* Activity
Only the lines from the top of the data through the line containing "Brautjungfer Skript Sage" should be duplicated, exactly as they appear.
Task input below:
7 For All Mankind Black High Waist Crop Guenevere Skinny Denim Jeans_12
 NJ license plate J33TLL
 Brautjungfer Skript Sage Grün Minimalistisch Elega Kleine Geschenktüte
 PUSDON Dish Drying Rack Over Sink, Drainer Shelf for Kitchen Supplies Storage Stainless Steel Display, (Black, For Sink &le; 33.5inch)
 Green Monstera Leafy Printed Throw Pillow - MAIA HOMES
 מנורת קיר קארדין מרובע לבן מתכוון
End of Task input.
* Task result
7 For All Mankind Black High Waist Crop Guenevere Skinny Denim Jeans_12
 NJ license plate J33TLL
 Brautjungfer Skript Sage Grün Minimalistisch Elega Kleine Geschenktüte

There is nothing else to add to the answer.